Dataset excerpts Start Marker
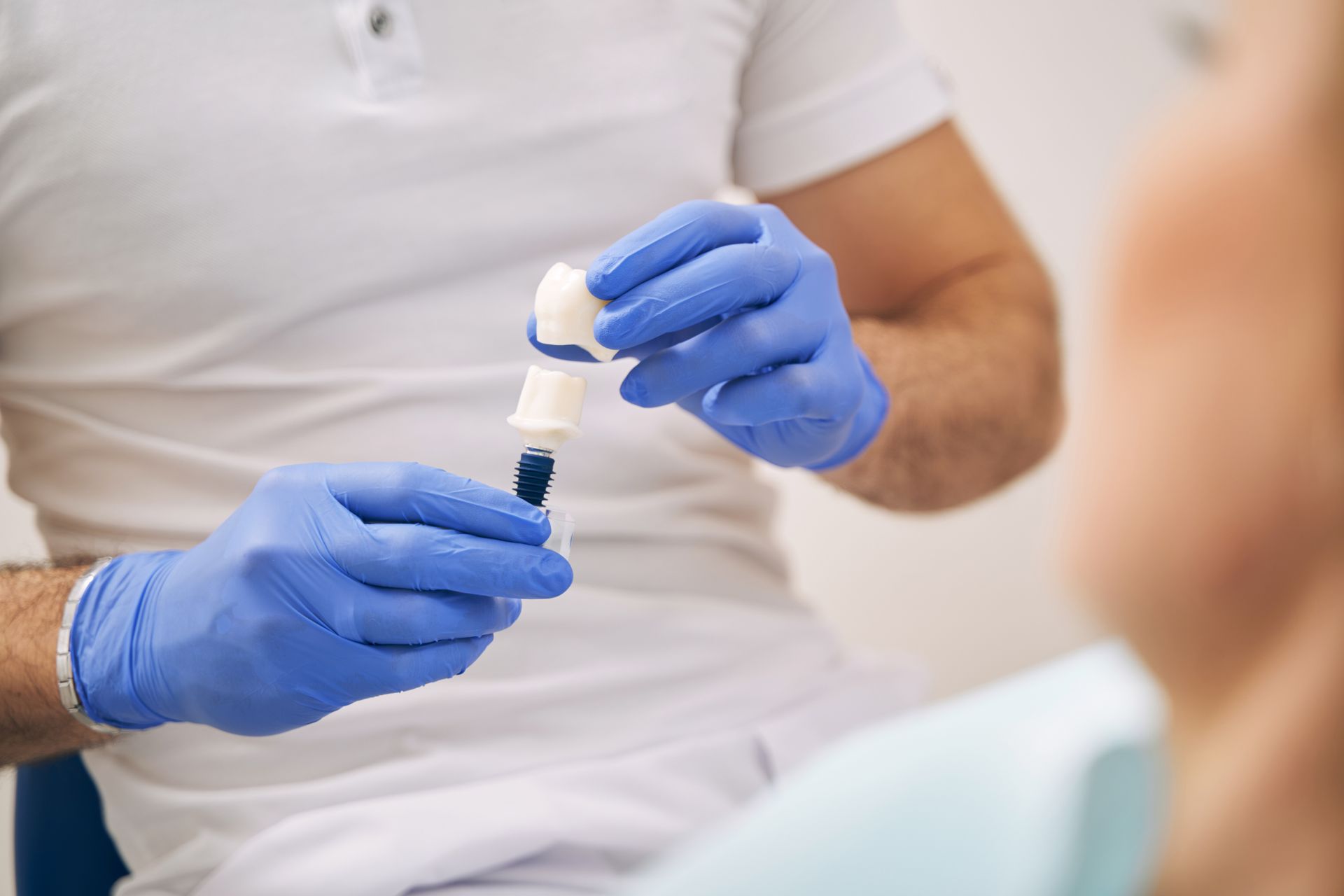 Un clinicien ganté prépare une seringue à partir d'un flacon dans un environnement médical.
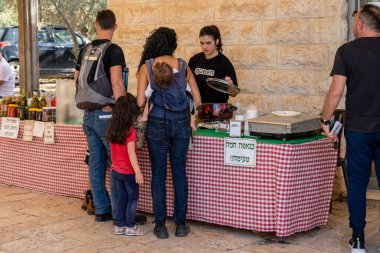 Beit Guvrin Ulusal Parkı, İsrail - 11 Aralık 2021: Turistlerin ve gezilerin resepsiyonunun merkezindeki kafe.
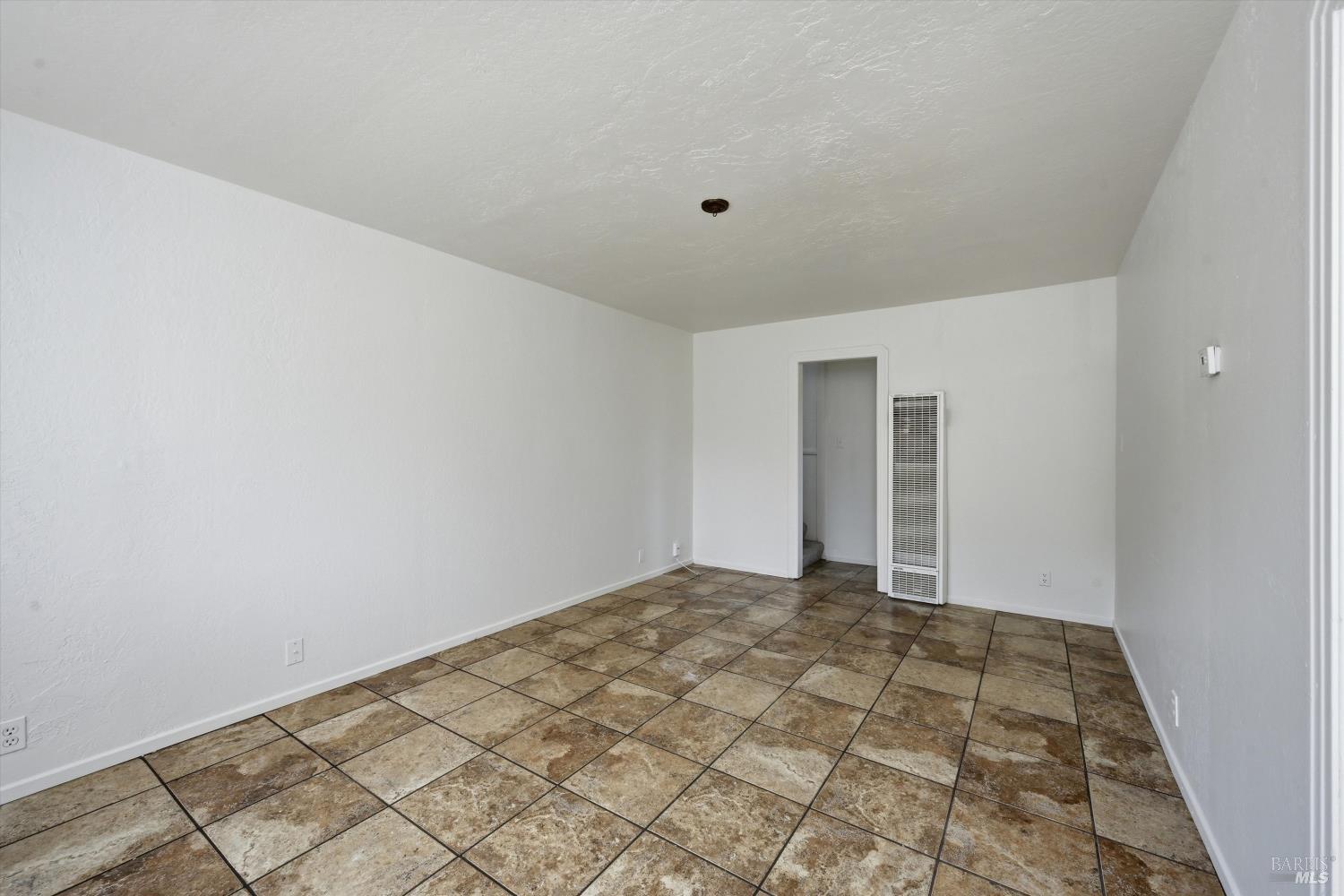 MLS #326040563 image #9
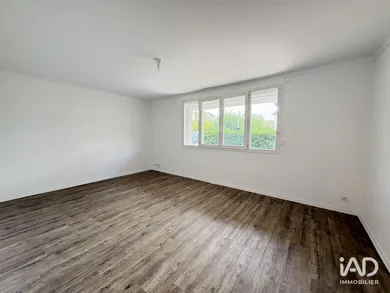 Appartement à BOULOURIS (83700)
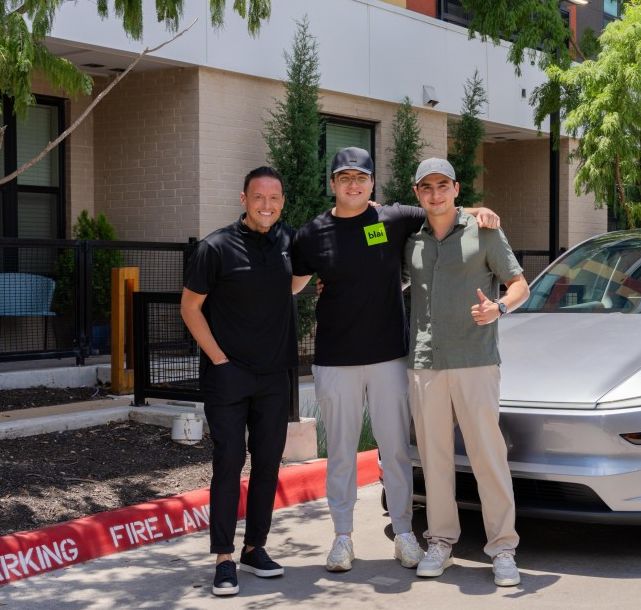 特斯拉Model Y自动交付开启未来驾驶体验：探秘全球创新科技，提升生活便捷度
Dataset excerpts End Marker
> _Task instructions_
Since pictures are not part of the copy, set down only the remaining data exactly.

> _Expected output_
 Un clinicien ganté prépare une seringue à partir d'un flacon dans un environnement médical.
 Beit Guvrin Ulusal Parkı, İsrail - 11 Aralık 2021: Turistlerin ve gezilerin resepsiyonunun merkezindeki kafe.
 MLS #326040563 image #9
 Appartement à BOULOURIS (83700)
 特斯拉Model Y自动交付开启未来驾驶体验：探秘全球创新科技，提升生活便捷度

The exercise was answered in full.